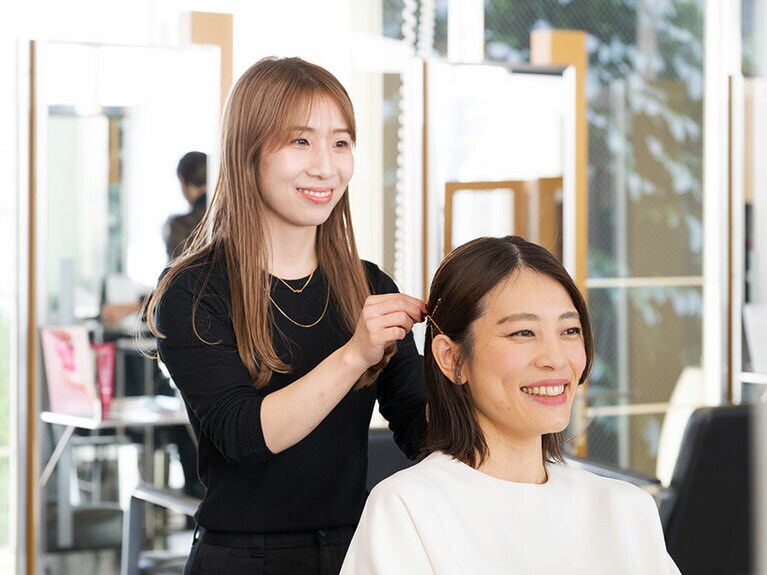 左：アヴェダ ライフスタイル サロン＆スパ 南青山 スタイリスト・小南さん。右：CREAアンバサダー 井上 智賀さん。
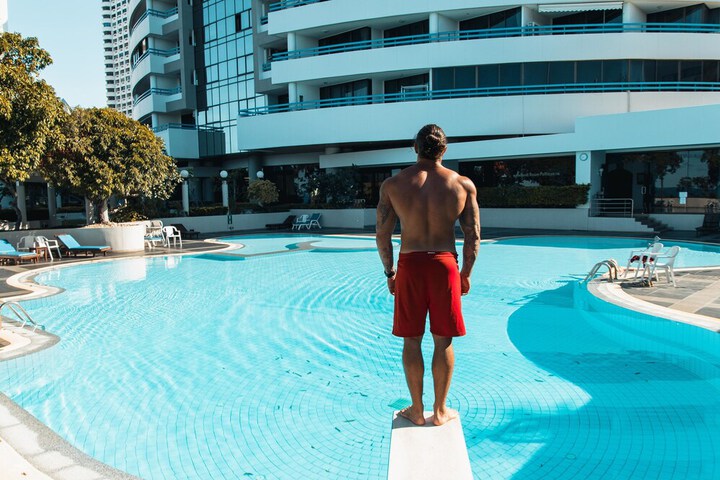 Pool 200 of 259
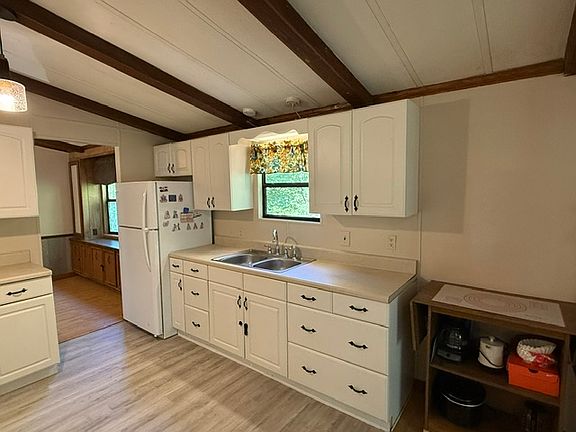 5th image of 115 Clearview Dr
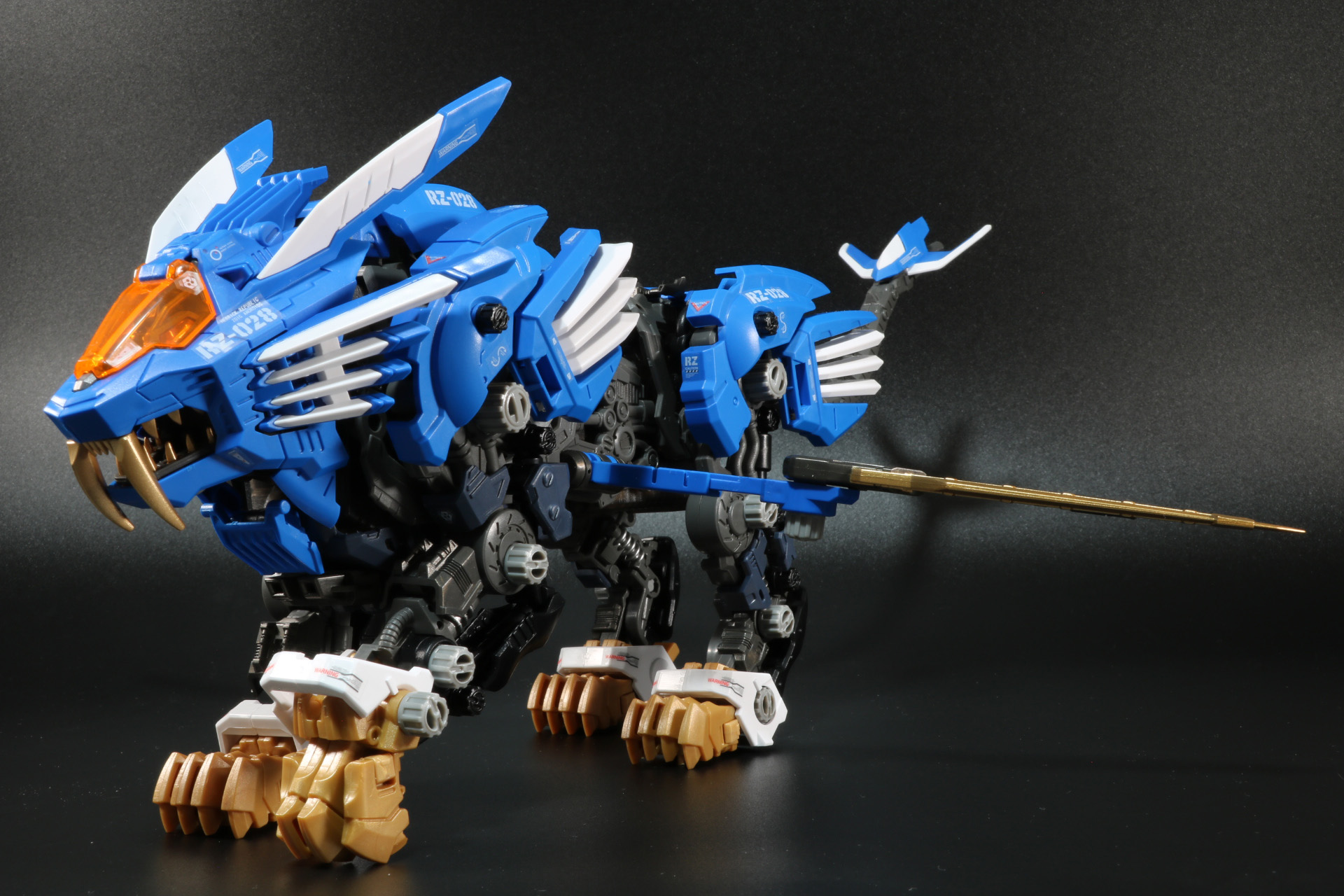 象徴的なレーザーブレード展開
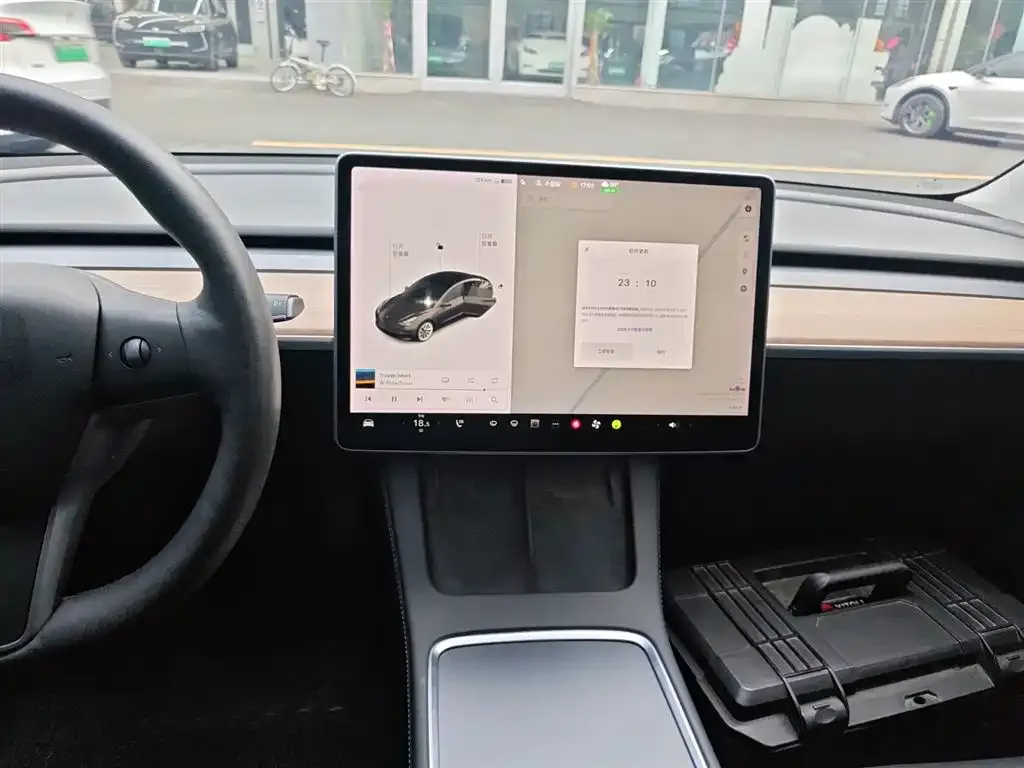 Tesla Model 3 — фото 3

Directions:
Write out again only the lines from the line that contains "Pool 200 of 259" through the last line of the records, both ends included, without any of the pictures.

Exercise result:
 Pool 200 of 259
 5th image of 115 Clearview Dr
 象徴的なレーザーブレード展開
 Tesla Model 3 — фото 3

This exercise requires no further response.